I'm using Rails 3.0.3, Ruby 1.8.7 and the mysql gem. I can't switch to
mysql2 gem because I'm running on Windows and this application will also
run on Windows in production

Has anyone faced this problem?

Victor Cisneiros wrote in post #969792:

I have a table 'client' with a unique index on column 'nome'
I have also set validates :uniqueness => true on column 'nome'

There is a record 'João Victor Santos' on my clients table. When I try
to insert another 'João Victor Santos' Rails executes the following
command to check if a record with this name already exists:

SELECT `clients`.`id` FROM `clients` WHERE (`clients`.`nome` = BINARY
'João Victor Santos') LIMIT 1

Unfortunately this query returns 0 rows and validation passes and I
receive this stack trace

Mysql::Error: Duplicate entry 'João Victor Santos' for key 2

If I execute this query in phpMyAdmin it correctly returns 1 result

SELECT `clients`.`id` FROM `clients` WHERE (`clients`.`nome` = 'João
Victor Santos') LIMIT 1

Perhaps you've got an encoding issue.

I'm using Rails 3.0.3, Ruby 1.8.7 and the mysql gem. I can't switch to
mysql2 gem because I'm running on Windows and this application will also
run on Windows in production

You should absolutely not be running Rails applications on Windows in
production.

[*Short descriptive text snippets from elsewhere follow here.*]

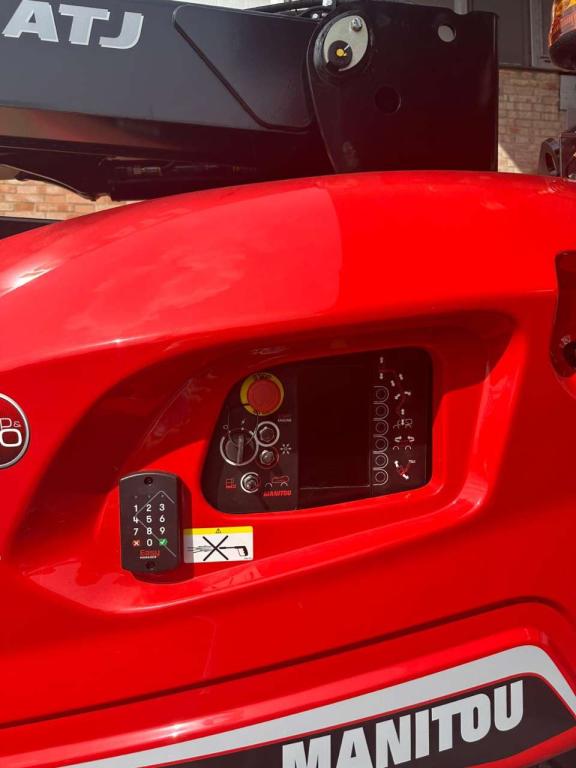 Manitou 180 ATJ Foto 17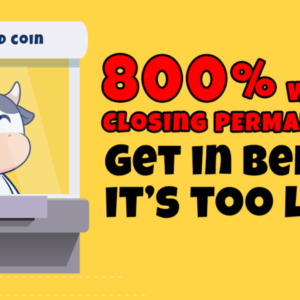 Didn’t Get In on Official Melania Meme? BTFD Coin’s Presale Might Be Your Redemption Arc—$3000 to $270K With 8,900% ROI by $0.006 Moon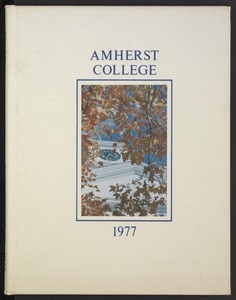Amherst College Olio 1977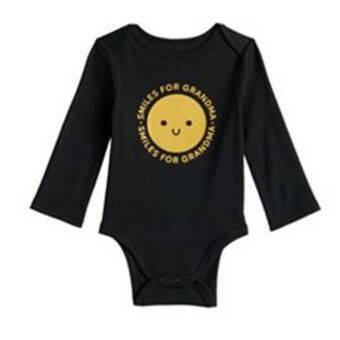 Kohl's Baby jumping beans® graphic bodysuit offer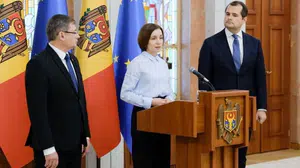 Moldova'da yeni başbakan adayı Vasile Tofan oldu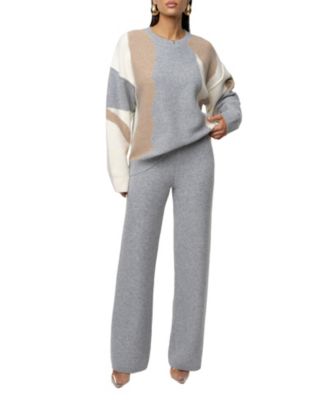 Women's Emelie Knit Pant Set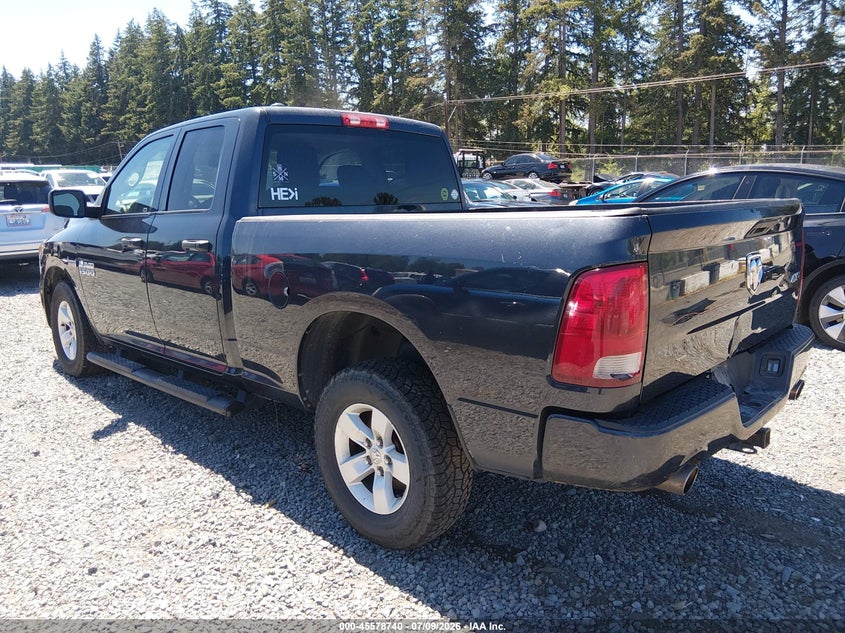 Vin: 1c6rr7ft1gs302085, lot: 46077093, ram 1500 st 20163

Find a way to host the app on *nix if at all possible.

Has anyone faced this problem?

Best,

I tried running on my linux VPS with Ruby 1.9.2 and the mysql2 gem and
the problem still persists

The funny thing is that I have a view where you can filter all the
clients and if I make it filter this particular client by running this
query

SELECT `clients`.* FROM `clients` WHERE (nome LIKE '%João Victor
Santos%') ORDER BY nome ASC LIMIT 30 OFFSET 0

It correctly returns 1 row

I'm starting to think the problem is with the BINARY in the validates
uniqueness query, anyone knows a way to monkey-patch it to remove the
BINARY keyword?

Please quote when replying.

Victor Cisneiros wrote in post #969879:

I tried running on my linux VPS with Ruby 1.9.2 and the mysql2 gem and
the problem still persists

The funny thing is that I have a view where you can filter all the
clients and if I make it filter this particular client by running this
query

SELECT `clients`.* FROM `clients` WHERE (nome LIKE '%João Victor
Santos%') ORDER BY nome ASC LIMIT 30 OFFSET 0

It correctly returns 1 row

I'm starting to think the problem is with the BINARY in the validates
uniqueness query, anyone knows a way to monkey-patch it to remove the
BINARY keyword?

That's probably not the issue. Did you investigate the encodings as I
suggested in my earlier post?

Best,

That's probably not the issue. Did you investigate the encodings as I
suggested in my earlier post?

I don't have any encoding issue except on this query

Anyway I found out that if I put
validates :nome, :presence => true, :uniqueness => { :case_sensitive =>
false }

instead of
validates :nome, :presence => true, :uniqueness => true

The query changes and doesn't use BINARY anymore and guess what, it now
works

Here is the generated sql now

SELECT `clients`.`id` FROM `clients` WHERE (LOWER(`clients`.`nome`) =
LOWER('João Victor Santos')) LIMIT 1

It could be/ BINARY forces the comparison to be done byte by byte, but
(assuming the column is a utf8 one) the character ã can be represented
with more than one sequence of bytes.

Fred

Frederick Cheung wrote in post #969886:

> SELECT `clients`.* FROM `clients` WHERE (nome LIKE '%João Victor
> Santos%') ORDER BY nome ASC LIMIT 30 OFFSET 0

> It correctly returns 1 row

> I'm starting to think the problem is with the BINARY in the validates
> uniqueness query, anyone knows a way to monkey-patch it to remove the
> BINARY keyword?

That's probably not the issue. Did you investigate the encodings as I
suggested in my earlier post?

It could be/ BINARY forces the comparison to be done byte by byte, but
(assuming the column is a utf8 one) the character can be represented
with more than one sequence of bytes.

Oh, that's a really good point.

Fred

Best,